What you are asked to do - Transcription task. Write out each entry verbatim and exclude any image.

....

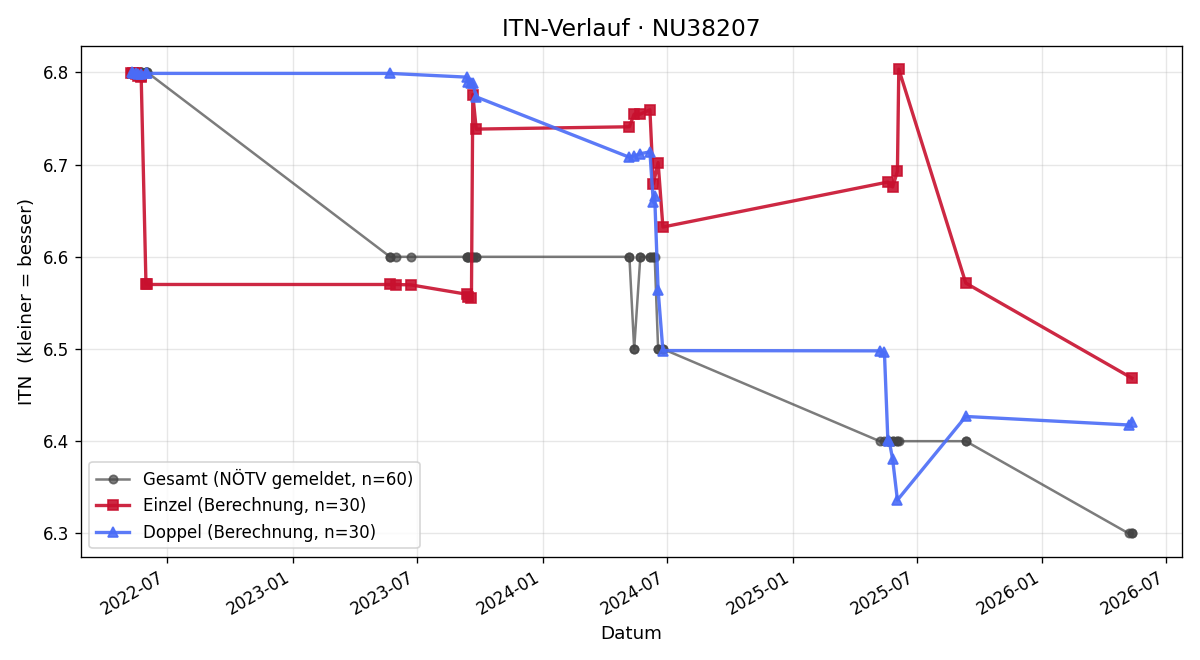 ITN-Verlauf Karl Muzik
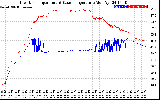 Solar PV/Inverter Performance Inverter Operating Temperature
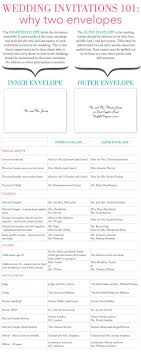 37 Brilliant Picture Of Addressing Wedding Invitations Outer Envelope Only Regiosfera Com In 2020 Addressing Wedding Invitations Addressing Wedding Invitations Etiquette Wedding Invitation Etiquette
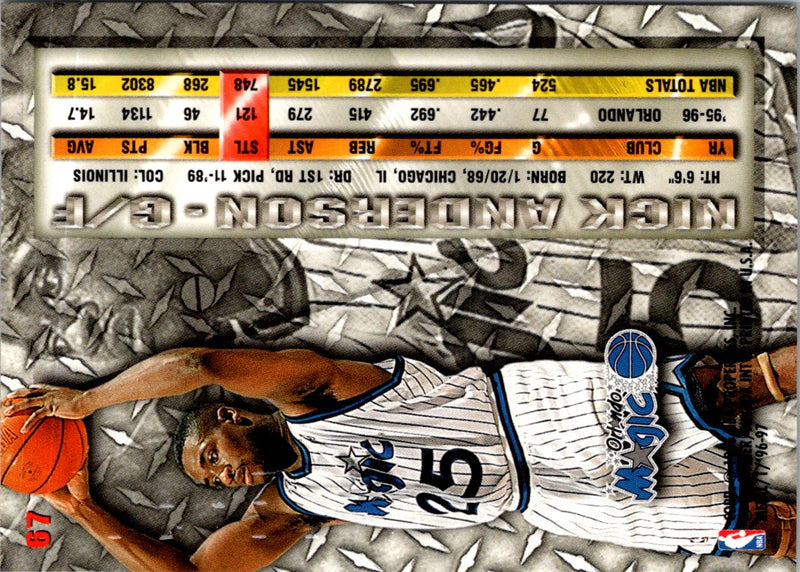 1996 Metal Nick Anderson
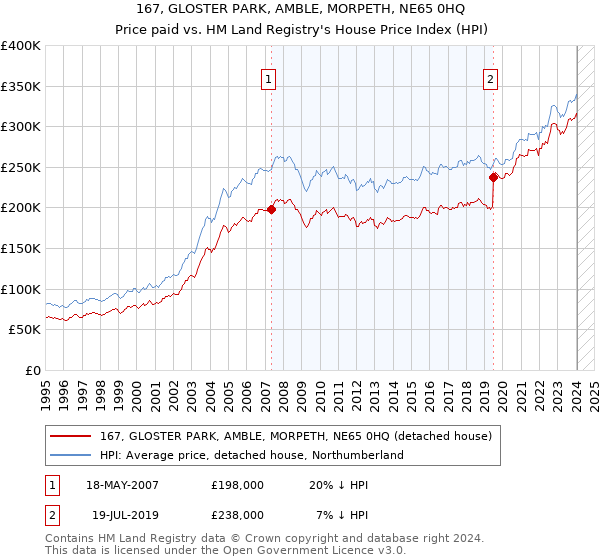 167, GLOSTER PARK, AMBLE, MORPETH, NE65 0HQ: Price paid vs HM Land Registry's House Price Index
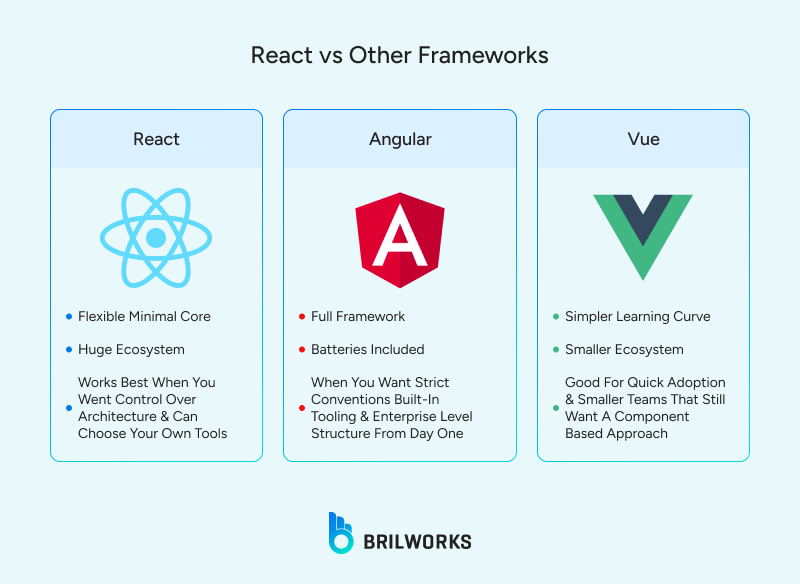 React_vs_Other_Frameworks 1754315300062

....

Result -
 ITN-Verlauf Karl Muzik
 Solar PV/Inverter Performance Inverter Operating Temperature
 37 Brilliant Picture Of Addressing Wedding Invitations Outer Envelope Only Regiosfera Com In 2020 Addressing Wedding Invitations Addressing Wedding Invitations Etiquette Wedding Invitation Etiquette
 1996 Metal Nick Anderson
 167, GLOSTER PARK, AMBLE, MORPETH, NE65 0HQ: Price paid vs HM Land Registry's House Price Index
 React_vs_Other_Frameworks 1754315300062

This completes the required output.